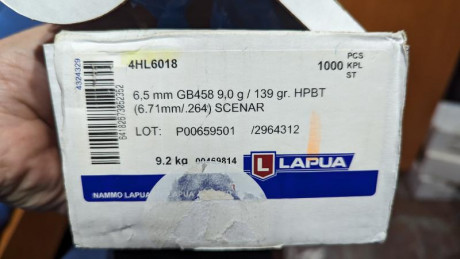 Buenas noches,

Si alguien tiene punas Nosler Partition de 6,5mm de 125gr o Hornady SST de 140gr que contacte 20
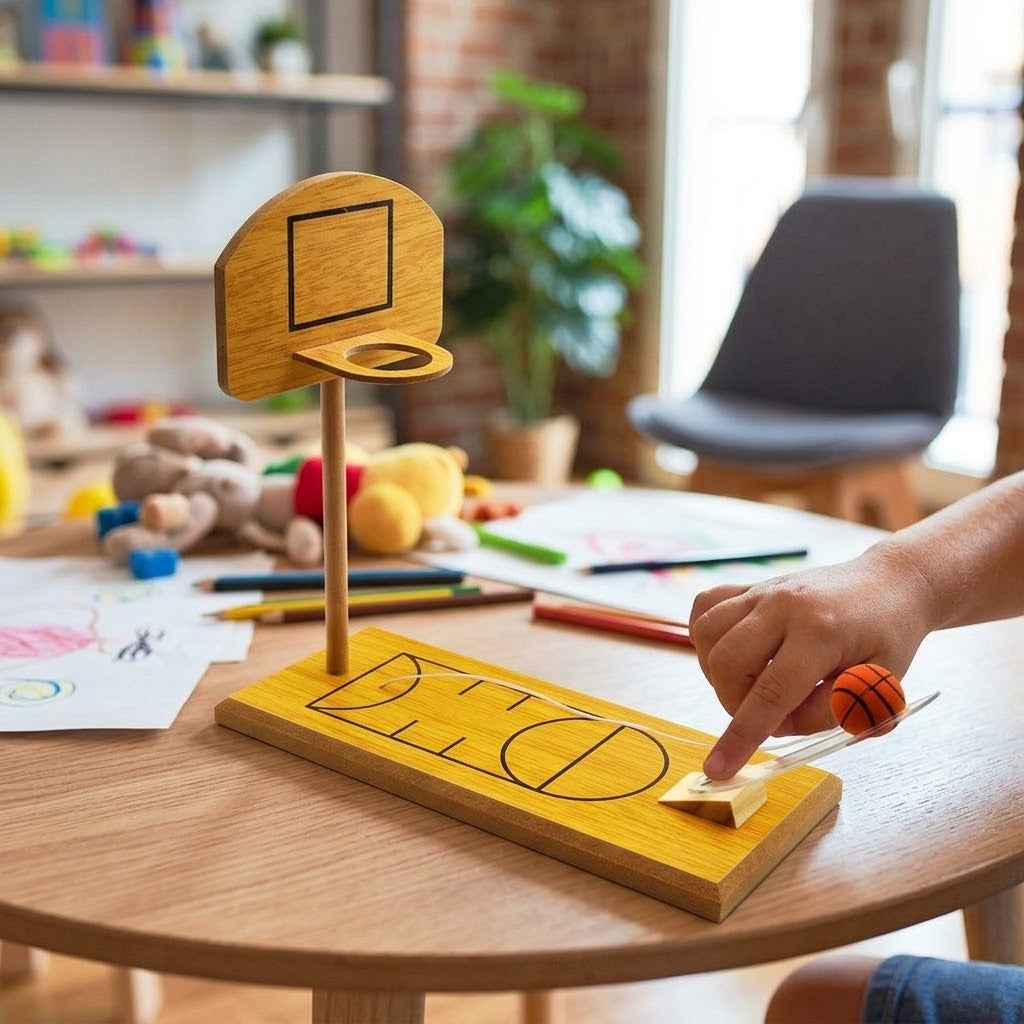 Wooden Basketball Game Tabletop Shooting Game - lifestyle photo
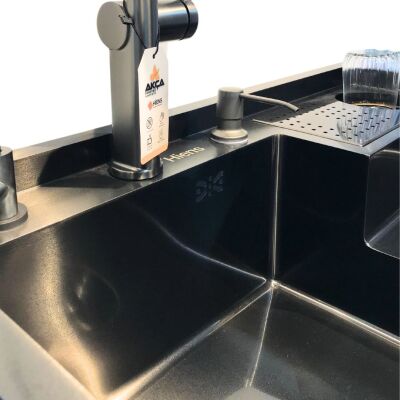 HİENS 78x48cm Antrasit Çelik 1,5 Gözlü Bardak Yıkama+Arıtma+Sıvı Sabunluklu Evye - 2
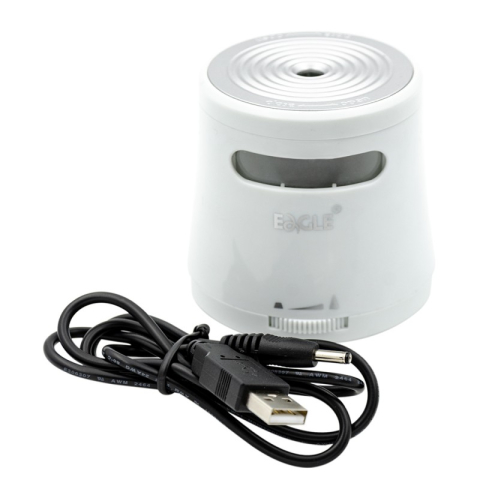 Creioane Grafit, Creioane Mecanice si Ascutitori - Ascutitoare electrica Eagle TY48USB, alimentare USB / 2 baterii AA neincluse, 1 orificiu, 6-8mm, plastic, alb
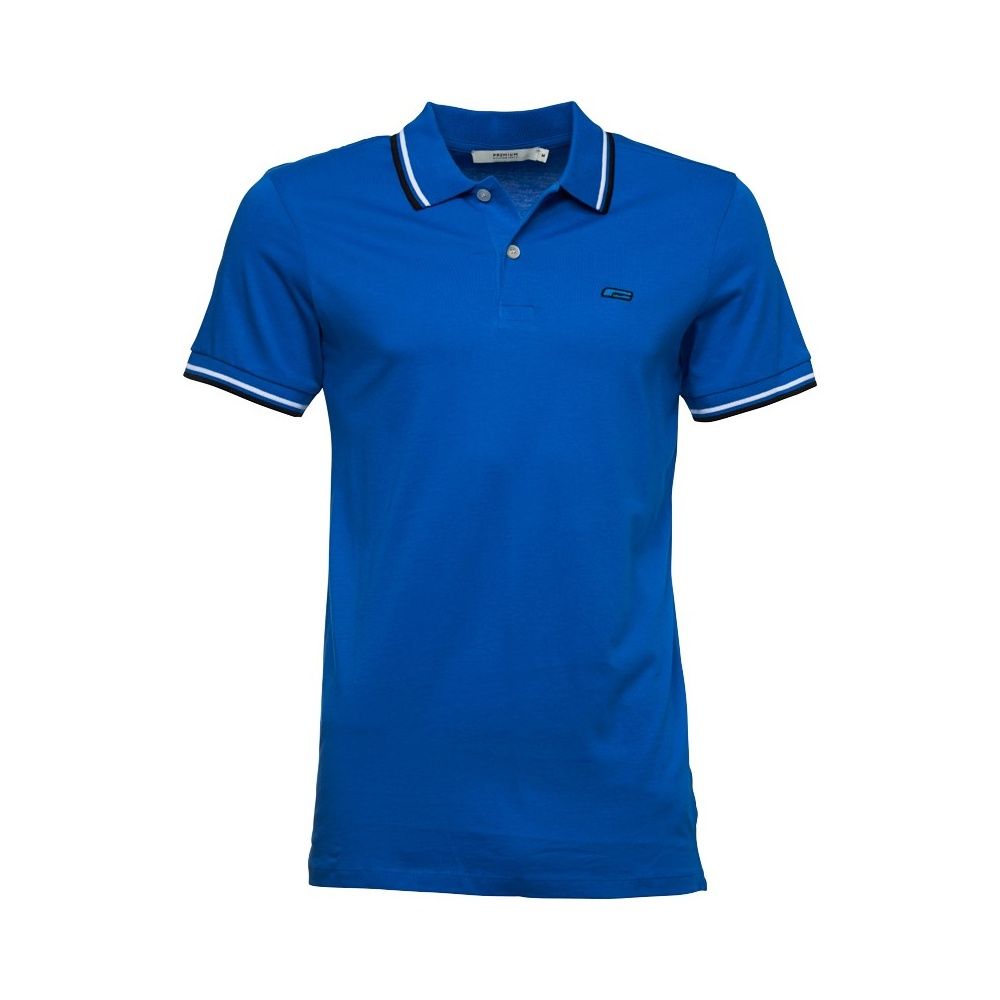 Jack & Jones Contrast Slim Fit Jersey Polo Shirt Directoire Blue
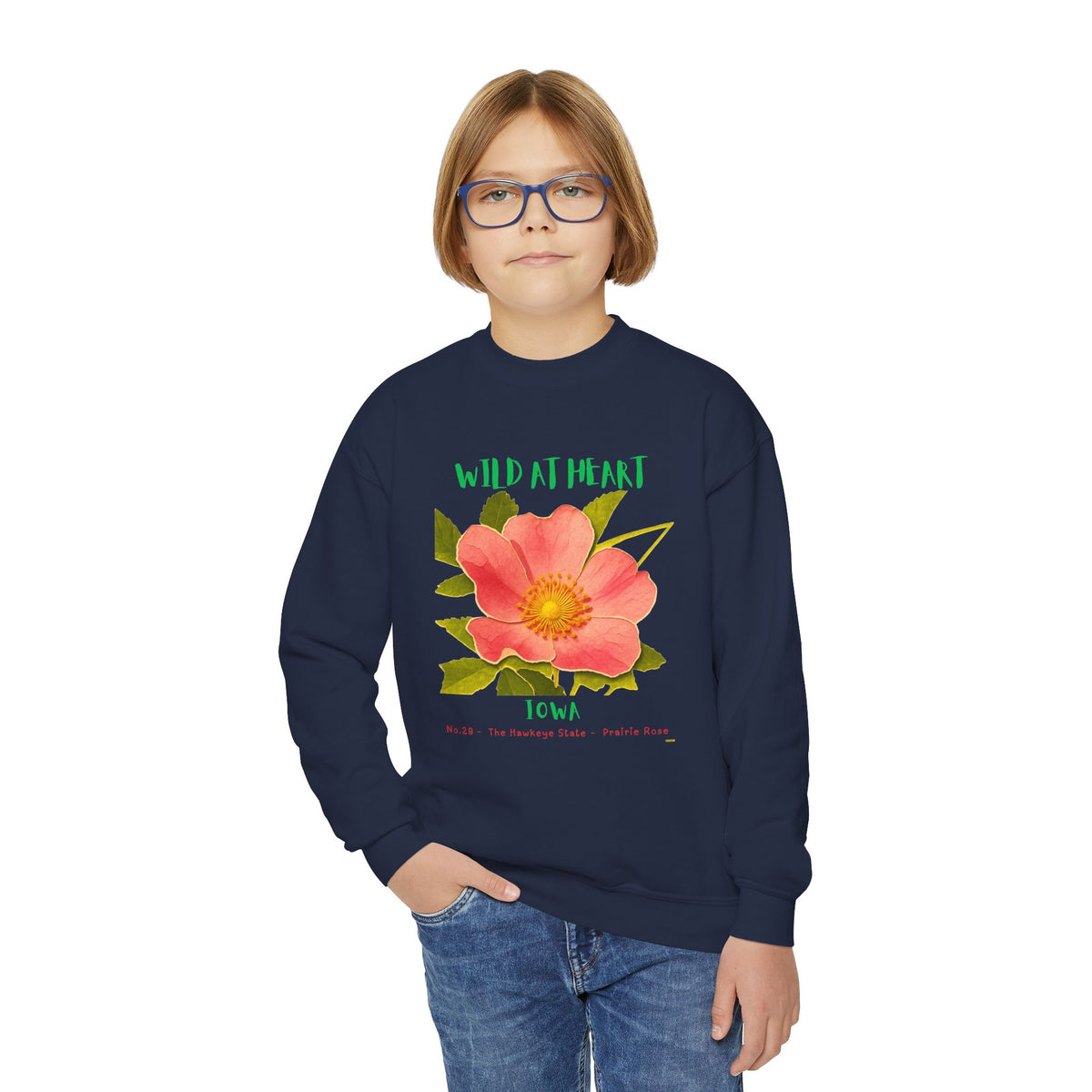 Iowa Wild at Heart Youth Crewneck Sweatshirt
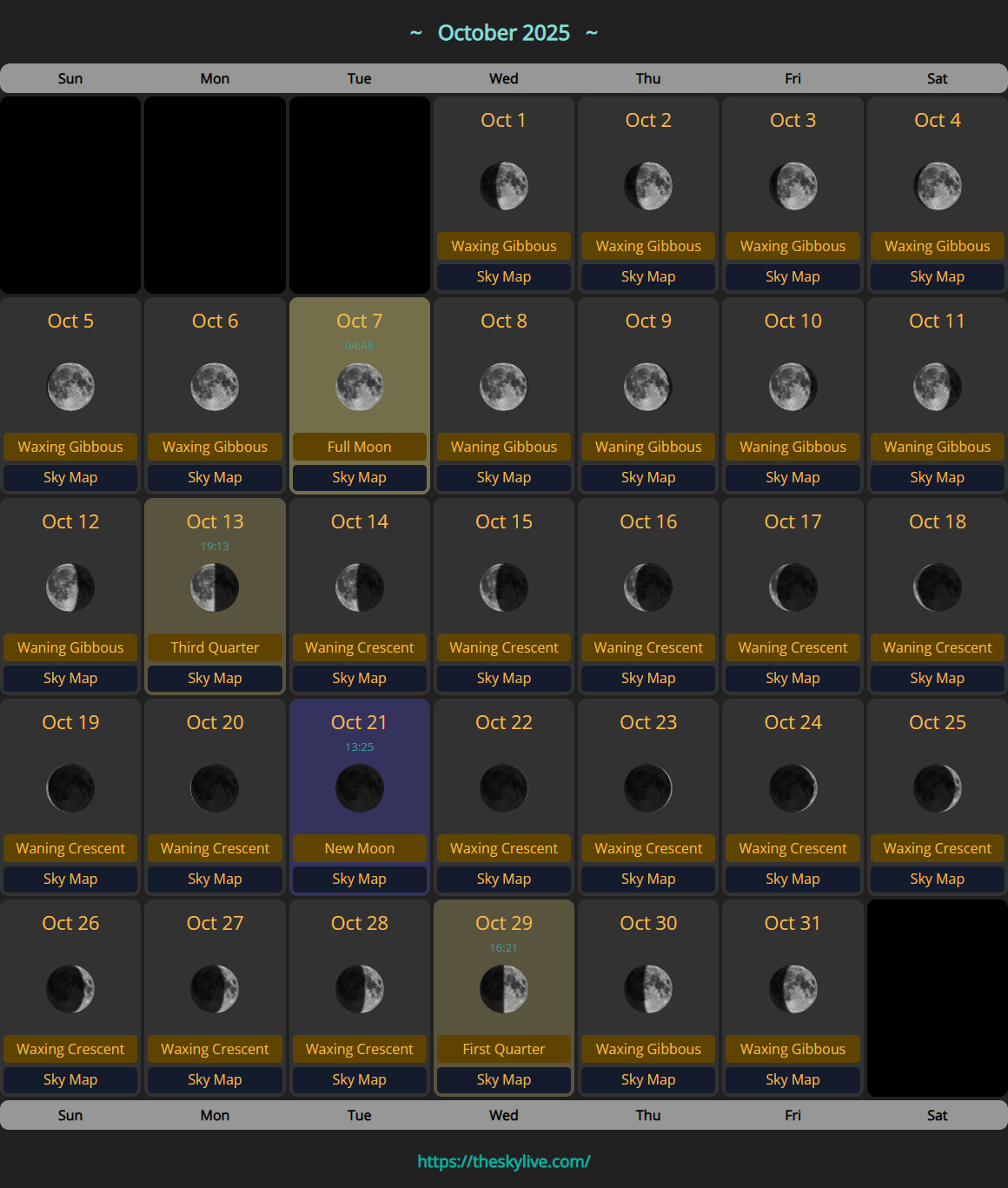 Moon Calendar: October 2025 | Theskylive pertaining to Moon Calendar For October 2025
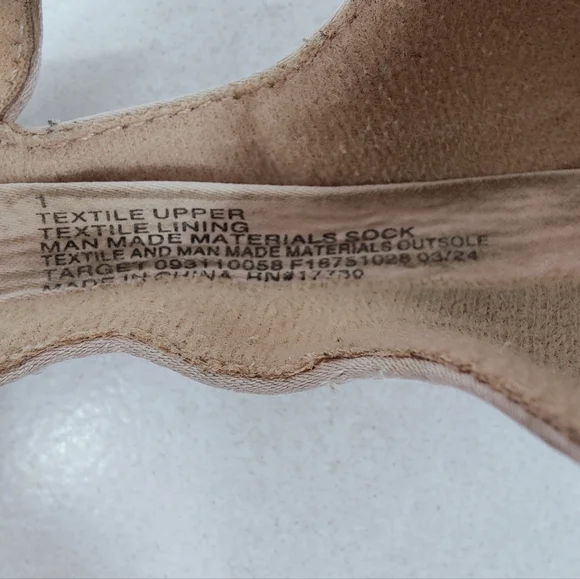 Cat & Jack Girls' Rainee Blush Rhinestone Gladiator Sandals, Sz 1 - Picture 9 of 12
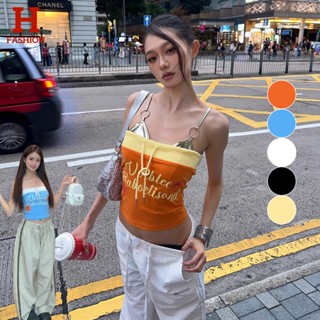 'พร้อมส่ง' FY3583 เสื้อเกาะอก สีสดใส ลายดอกไม้ เสริมฟองน้ำทร…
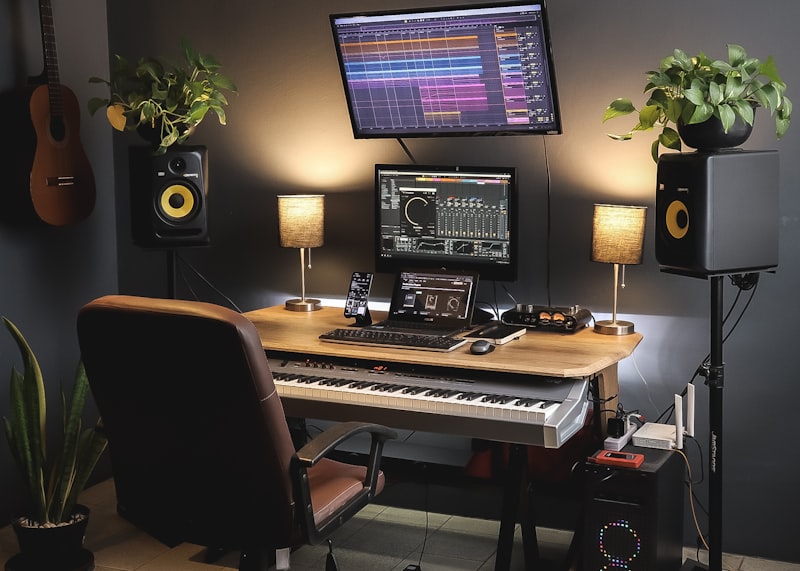 Desk setup with monitor and input devices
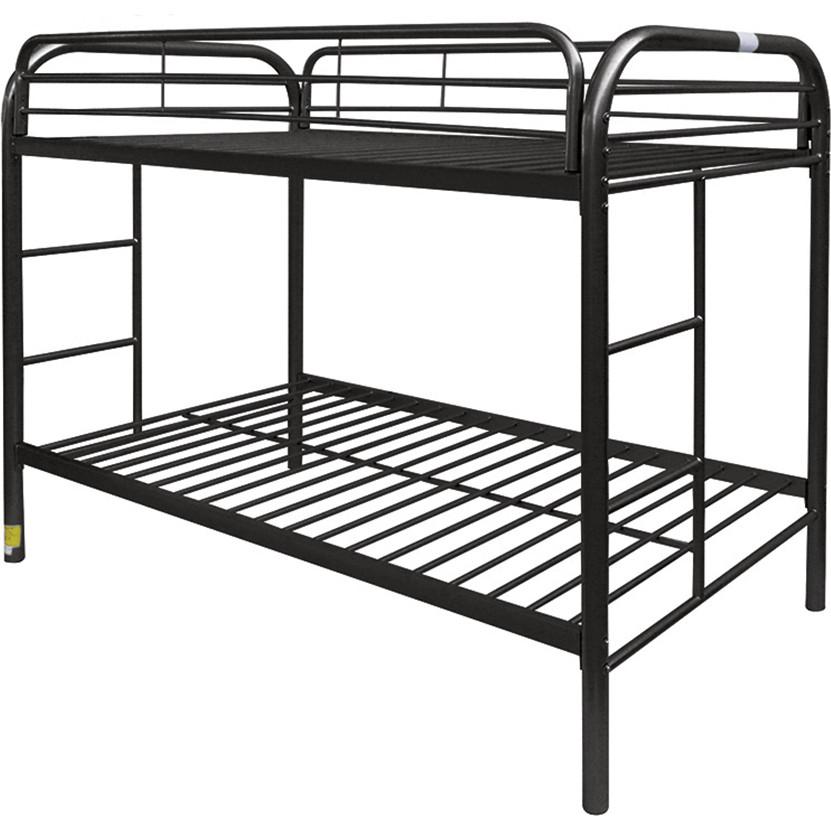 Transitional, Simple Twin/Twin Bunk Bed Thomas 02188BK in Black 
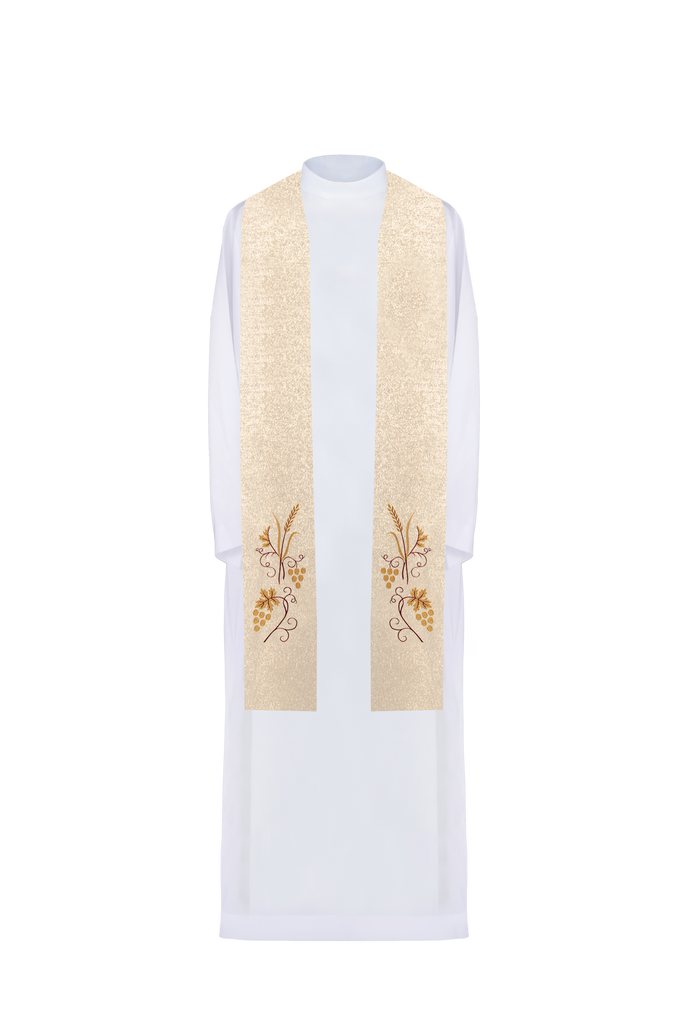 Priestly stole with grape and wheat embroidery in gold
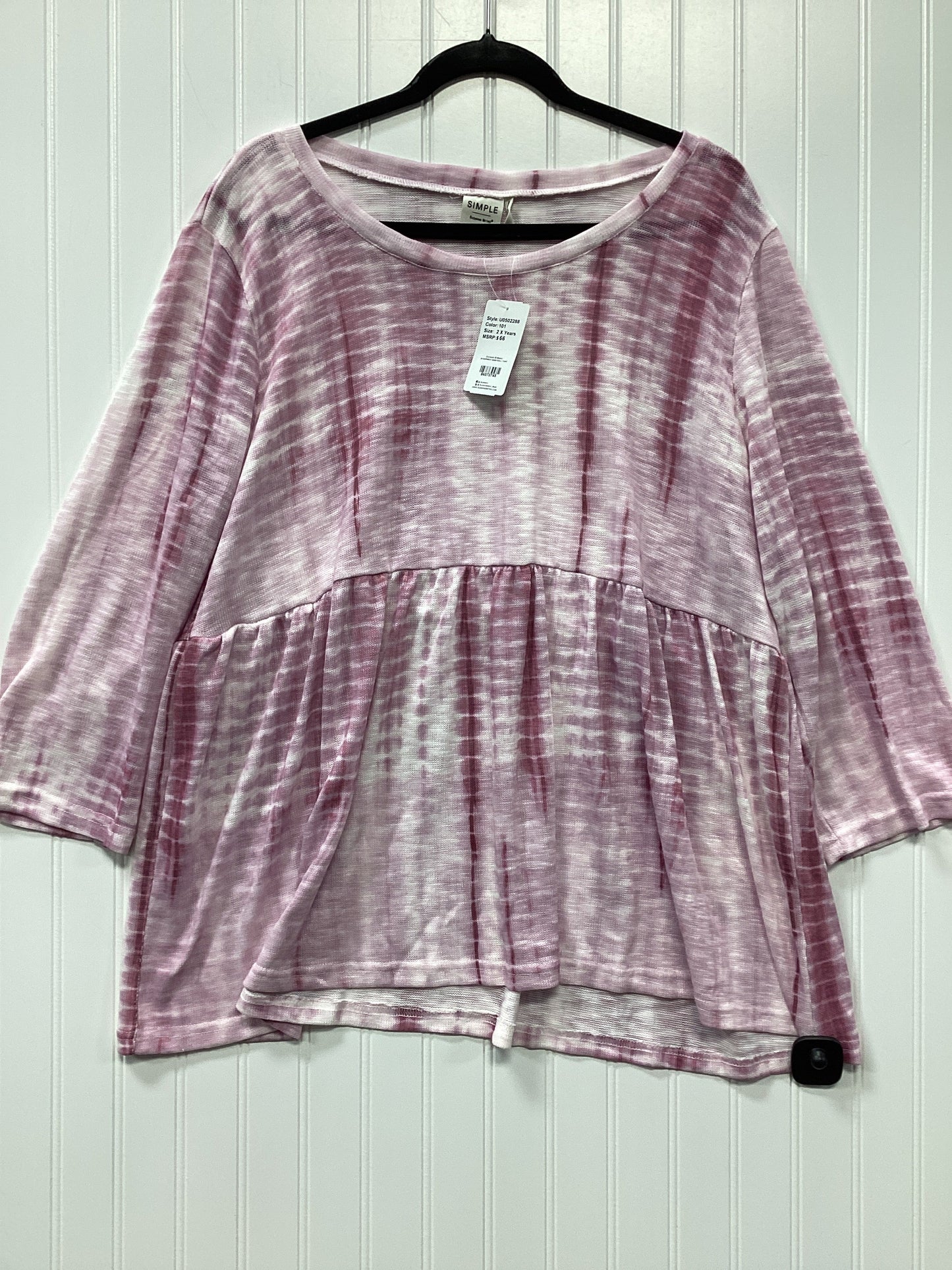 Top Ls By Simple In Pink, Size:2X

+ + + +

- Your goal:
Write out all of the records above. Keep them exact and leave out the pictures.

- Output:
 Buenas noches,

Si alguien tiene punas Nosler Partition de 6,5mm de 125gr o Hornady SST de 140gr que contacte 20
 Wooden Basketball Game Tabletop Shooting Game - lifestyle photo
 HİENS 78x48cm Antrasit Çelik 1,5 Gözlü Bardak Yıkama+Arıtma+Sıvı Sabunluklu Evye - 2
 Creioane Grafit, Creioane Mecanice si Ascutitori - Ascutitoare electrica Eagle TY48USB, alimentare USB / 2 baterii AA neincluse, 1 orificiu, 6-8mm, plastic, alb
 Jack & Jones Contrast Slim Fit Jersey Polo Shirt Directoire Blue
 Iowa Wild at Heart Youth Crewneck Sweatshirt
 Moon Calendar: October 2025 | Theskylive pertaining to Moon Calendar For October 2025
 Cat & Jack Girls' Rainee Blush Rhinestone Gladiator Sandals, Sz 1 - Picture 9 of 12
 'พร้อมส่ง' FY3583 เสื้อเกาะอก สีสดใส ลายดอกไม้ เสริมฟองน้ำทร…
 Desk setup with monitor and input devices
 Transitional, Simple Twin/Twin Bunk Bed Thomas 02188BK in Black 
 Priestly stole with grape and wheat embroidery in gold
 Top Ls By Simple In Pink, Size:2X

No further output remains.